2 avis pour Das Vögelhaus « La Maison aux Oiseaux »

  1. Marie Vi

    Une nouvelle qui m’a laissée admirative, tellement l’auteure a bien mené son histoire !
    Plus on avance, plus le degré de sensation de danger se renforce… On devine qu’il y a quelque chose qui va arriver, mais on ne sait pas quand !
    Le suspens est présent, certains personnages attachants plus que d’autres.
    C’est une auteure à suivre, car elle ne se limite pas qu’à un seul genre. Sa plume est vraiment subtile et les mots sont choisis avec soin.

  2. Siobud

    Sous un nom plutôt enchanteur, Das Vögelhaus (La maison aux oiseaux), se cache une demeure inquiétante, au passé lourd.
    Quand la famille Laberck décide d’y passer ses vacances, elle ne se doute pas de ce qui l’attend, elle ne se doute pas qu’elle va être changée à jamais.
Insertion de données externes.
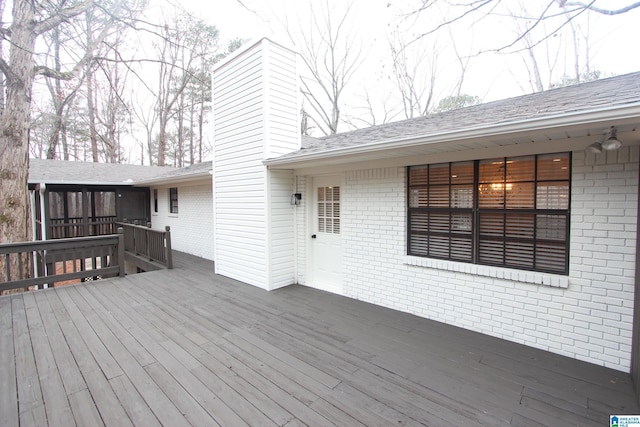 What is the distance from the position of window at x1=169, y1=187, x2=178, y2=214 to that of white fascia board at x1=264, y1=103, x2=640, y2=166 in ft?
25.0

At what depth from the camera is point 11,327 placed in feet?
11.9

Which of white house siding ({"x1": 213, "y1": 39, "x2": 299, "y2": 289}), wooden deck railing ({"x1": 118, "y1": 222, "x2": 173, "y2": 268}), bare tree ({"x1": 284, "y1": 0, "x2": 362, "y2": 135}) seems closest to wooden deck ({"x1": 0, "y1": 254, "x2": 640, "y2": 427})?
white house siding ({"x1": 213, "y1": 39, "x2": 299, "y2": 289})

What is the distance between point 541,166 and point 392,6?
305 centimetres

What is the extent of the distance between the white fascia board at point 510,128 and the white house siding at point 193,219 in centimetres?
542

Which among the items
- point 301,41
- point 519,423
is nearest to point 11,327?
point 519,423

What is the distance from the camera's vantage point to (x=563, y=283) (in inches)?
116

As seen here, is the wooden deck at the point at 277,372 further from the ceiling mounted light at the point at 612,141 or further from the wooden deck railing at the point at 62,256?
the ceiling mounted light at the point at 612,141

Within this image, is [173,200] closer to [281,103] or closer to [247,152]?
[247,152]

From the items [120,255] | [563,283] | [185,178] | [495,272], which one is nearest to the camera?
[563,283]

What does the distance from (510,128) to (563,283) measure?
173cm

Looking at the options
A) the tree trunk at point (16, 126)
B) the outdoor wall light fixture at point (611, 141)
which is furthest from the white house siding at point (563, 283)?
the tree trunk at point (16, 126)

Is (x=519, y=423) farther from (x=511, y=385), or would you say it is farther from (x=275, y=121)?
(x=275, y=121)

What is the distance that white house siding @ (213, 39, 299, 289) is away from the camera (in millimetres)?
5148

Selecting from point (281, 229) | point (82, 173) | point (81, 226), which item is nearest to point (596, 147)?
point (281, 229) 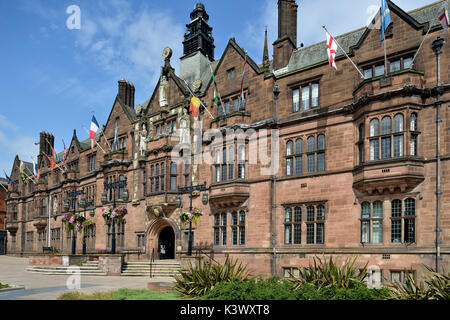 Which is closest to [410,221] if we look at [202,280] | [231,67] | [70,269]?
[202,280]

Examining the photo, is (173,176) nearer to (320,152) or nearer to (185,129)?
(185,129)

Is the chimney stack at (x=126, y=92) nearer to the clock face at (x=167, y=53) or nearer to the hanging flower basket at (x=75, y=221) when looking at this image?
the clock face at (x=167, y=53)

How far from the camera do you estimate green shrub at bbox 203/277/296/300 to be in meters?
11.7

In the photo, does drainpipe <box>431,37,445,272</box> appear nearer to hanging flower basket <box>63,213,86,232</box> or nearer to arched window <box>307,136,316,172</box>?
arched window <box>307,136,316,172</box>

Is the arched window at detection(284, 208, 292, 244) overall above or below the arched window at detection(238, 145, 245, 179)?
below

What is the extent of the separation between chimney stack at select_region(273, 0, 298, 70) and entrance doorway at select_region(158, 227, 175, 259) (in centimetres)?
1745

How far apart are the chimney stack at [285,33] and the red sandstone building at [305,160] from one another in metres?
0.08

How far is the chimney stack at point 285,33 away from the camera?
29250mm

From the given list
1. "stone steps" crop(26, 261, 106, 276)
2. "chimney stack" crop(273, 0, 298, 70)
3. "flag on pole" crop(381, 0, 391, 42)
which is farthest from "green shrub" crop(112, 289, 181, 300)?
"chimney stack" crop(273, 0, 298, 70)

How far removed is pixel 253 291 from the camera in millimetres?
12367

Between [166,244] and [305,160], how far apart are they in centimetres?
1677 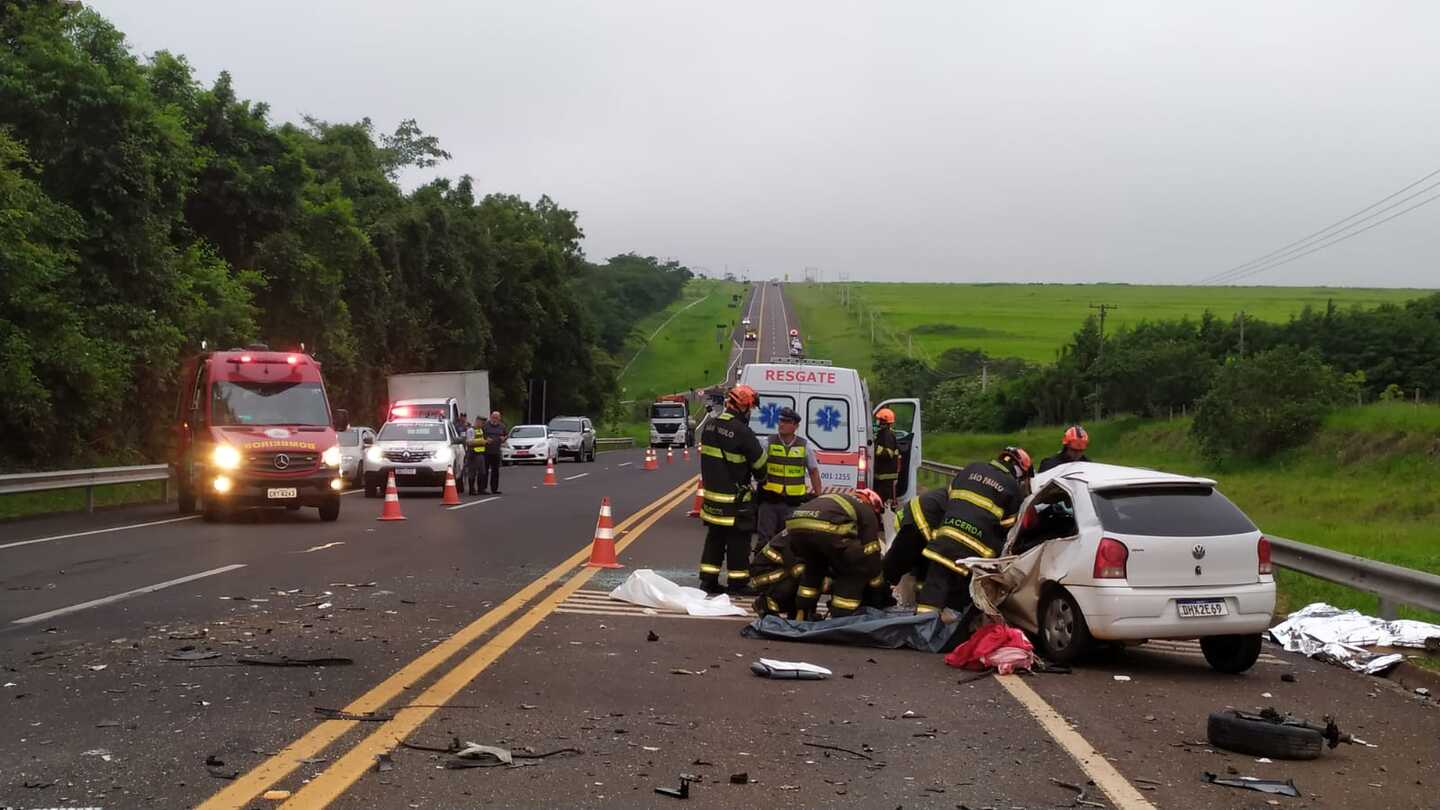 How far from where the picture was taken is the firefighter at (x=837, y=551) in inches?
418

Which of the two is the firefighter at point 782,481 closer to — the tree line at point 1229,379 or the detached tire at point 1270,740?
the detached tire at point 1270,740

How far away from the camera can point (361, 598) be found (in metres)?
11.7

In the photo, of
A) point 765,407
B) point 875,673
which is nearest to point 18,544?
point 765,407

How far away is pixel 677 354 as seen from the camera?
149 metres

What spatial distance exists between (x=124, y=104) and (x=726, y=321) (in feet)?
473

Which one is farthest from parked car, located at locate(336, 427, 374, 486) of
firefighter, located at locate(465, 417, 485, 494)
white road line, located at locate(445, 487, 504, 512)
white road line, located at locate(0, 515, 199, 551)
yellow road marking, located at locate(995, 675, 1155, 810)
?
yellow road marking, located at locate(995, 675, 1155, 810)

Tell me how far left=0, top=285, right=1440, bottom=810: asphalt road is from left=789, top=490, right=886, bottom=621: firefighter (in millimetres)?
A: 705

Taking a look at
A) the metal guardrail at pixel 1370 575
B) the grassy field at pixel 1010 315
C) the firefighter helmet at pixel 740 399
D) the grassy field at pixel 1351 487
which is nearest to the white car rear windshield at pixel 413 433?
the grassy field at pixel 1351 487

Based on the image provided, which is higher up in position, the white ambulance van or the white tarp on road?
the white ambulance van

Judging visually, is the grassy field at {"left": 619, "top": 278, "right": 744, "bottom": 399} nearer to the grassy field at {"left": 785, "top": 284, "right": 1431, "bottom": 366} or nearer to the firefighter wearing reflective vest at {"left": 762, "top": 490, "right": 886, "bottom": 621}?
the grassy field at {"left": 785, "top": 284, "right": 1431, "bottom": 366}

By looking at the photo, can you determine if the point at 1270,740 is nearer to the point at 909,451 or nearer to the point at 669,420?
the point at 909,451

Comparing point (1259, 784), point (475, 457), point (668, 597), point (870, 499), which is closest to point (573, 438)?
point (475, 457)

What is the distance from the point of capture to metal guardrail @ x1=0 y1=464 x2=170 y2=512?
70.0 ft

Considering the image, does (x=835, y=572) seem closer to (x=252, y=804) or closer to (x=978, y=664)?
(x=978, y=664) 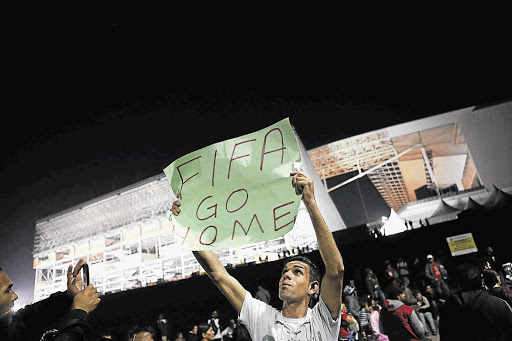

La famille (deux grands-parents, deux parents et quatre enfants) est d’apparence classique, mais petit à petit les tensions vont s’exacerber et les vérités vont finir par sortir.
    Par sa présence dans Vögelhaus, une sorcière est l’instigatrice de ce jeu libérateur, et ainsi, ce personnage a priori maléfique se révélera ironiquement d’influence bénéfique !
    Mishakal Yveldir sait installer progressivement le climat angoissant, par touches, et c’est un réel plaisir de retrouver son style ample au service d’une imagination toujours renouvelée. Le lecteur est pris au jeu, il vibre, il frémit, il est captivé et ne peut lâcher le livre.
    Comme souvent chez Mishakal, ce sont les personnages féminins qui ont la part belle et qui mènent la danse, qu’ils soient réels ou fantastiques : « Depuis la nuit des temps nous sommes le sexe fort, aucun homme n’existerait sans nous car il sort de notre ventre. »
    Encore une fois (c’est le troisième livre d’elle que je lis), j’ai été conquis par l’écriture de Mishakal, par les situations qu’elle met en scène, par la richesse de ses histoires.
    Agée de 29 ans et possédant un talent certain, elle n’a pas fini de nous surprendre et de nous offrir de beaux moments de lecture !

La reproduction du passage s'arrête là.